Ma è davvero tutta lì la nostra vita? Negli altri? Nell'altro? E' davvero utile ed importante - per noi stessi dico - avere sempre al fianco qualcuno che ci dica che bisogna cambiare, migliorare, che bisogna mettersi in discussione. Per me, l'amicizia è come l'amore: non è il luogo della critica o dell'autocritica. Io voglio essere diverso? Non sono soddisfatto della mia vita e delle mie relazioni, è vero, ma voglio davvero al fianco una persona che giudica continuamente i miei comportamenti? Che mi corregga, che mi dia consigli, che mi faccia vedere i pericoli dell'inerzia o l'entusiasmo di una nuova iniziativa che sto intraprendendo? Io penso di no. Questo mi renderebbe insicuro, finirebbe con l'indebolirmi, per togliermi entusiasmo, genererebbe conflitti al mio interno. Sarebbe solo un vampiro che mi succhia vitalità e che mi trasferisce le sue paure e la sua insicurezza. I veri amici e i veri amori sono quelli che sono al nostro fianco quando è veramente utile, quando ne abbiamo bisogno, senza che dobbiamo dire nulla. Ci sono e basta. In loro presenza ci sentiamo tranquilli, sicuri, perchè vogliamo più bene all'altro, ma anche a noi stessi.
Ci sono persone nella vita alle quali non importa proprio un bel nulla della nostra vita, nè di quello che stiamo facendo, nè di quello che faremo o non faremo. Così come ci sono cose nella vita che ci portano tristezza, un senso di vuoto e di abbandono, la paura della solitudine, l'amarezza di non poter fare quello che vorremmo fare, di non poter essere con chi vorremmo stare. Quello che senti tu ed io, in questi giorni, insomma...
All'inizio, l'amore è cieco e folle e non vede le distanze, nè le difficoltà, nè i tornaconti personali, e, in quel determinato momento, abbiamo solo bisogno di una persona che ci capisca e ci ascolti. Ma poi pensiamo che questo non ci basta più. Vorremmo smetterla di idealizzare una relazione, smetterla di tacere sulle cose che non ci piacciono o non ci soddisfano più, e dire, sostenere e cercare, invece, quelle che vorremmo e che desideriamo avere.

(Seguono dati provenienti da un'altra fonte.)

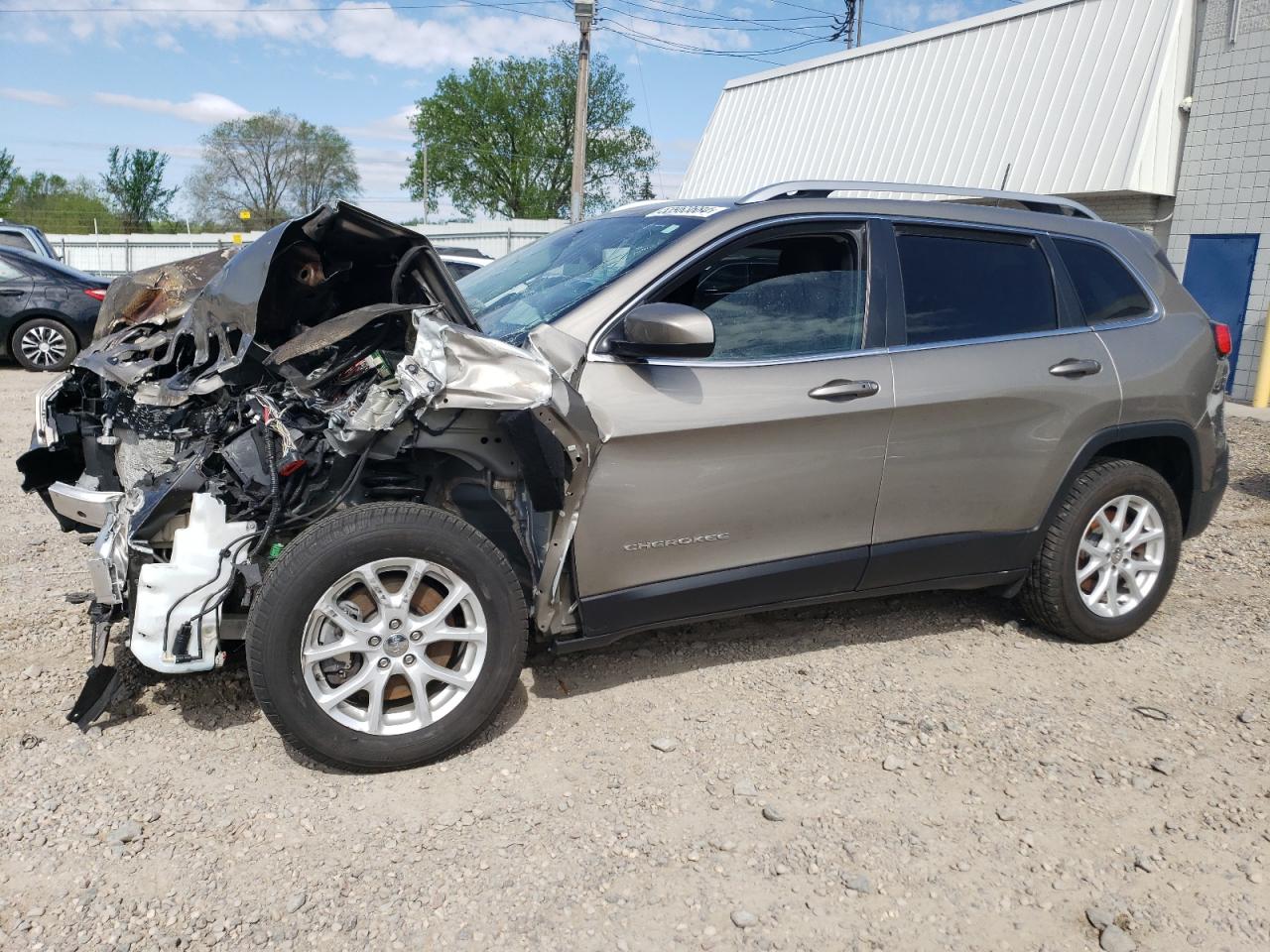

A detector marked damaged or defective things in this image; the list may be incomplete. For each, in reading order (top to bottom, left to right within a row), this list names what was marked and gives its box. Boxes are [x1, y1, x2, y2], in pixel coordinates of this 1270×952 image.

damaged silver suv [17, 186, 1229, 776]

Ma è vero anche che, nell'amore, una persona dovrebbe soffermarsi sul piacere che prova quando si sente vicino alla persona amata. Puntare sul benessere che prova quando è in sua presenza. Quando pensa all'altro, quando lo sente al telefono, quando riceve un suo sms che ti illumina una intera giornata, quando condivide con l'altro le sue paure, le sue pene, le sue gioie, le sue sconfitte...A contatto con l'altro ti senti in un porto sicuro. A volte, però, non ci sopportiamo. Ci dà fastidio persino lamentarci e sentire i lamenti dell'altro. L'altro dovrebbe essere, invece, quell'energia che ci manca, il supporto che senti silenziosamente al tuo fianco e che ti protegge.
Ma l'altro non possiamo trattarlo come un oggetto, non dobbiamo giudicarlo come se fosse tutto quello che vogliamo e, allo stesso tempo, tutto quello che ci manca. Dobbiamo semplicemente sapere che c'è, che vive dentro di noi, che abita la nostra
anima. E avere la consapevolezza che può essere soltanto questo e non altro.
Se c'è amore, quel rapporto resisterà e non soccomberà. Perchè l'altro ci accetterà così come siamo, con annessi e connessi, problemi e paure, come donne e motori, gioie e dolori. Perchè non si è più due persone lontane, ma una sola cosa unica. Se non c'è amore o se non ce n'è abbastanza, come è successo altre volte, si perderà nel fiume della vita e morirà. Le piantine appassiscono se non hanno acqua e luce. Tu che hai il pollice verde dovresti saperlo…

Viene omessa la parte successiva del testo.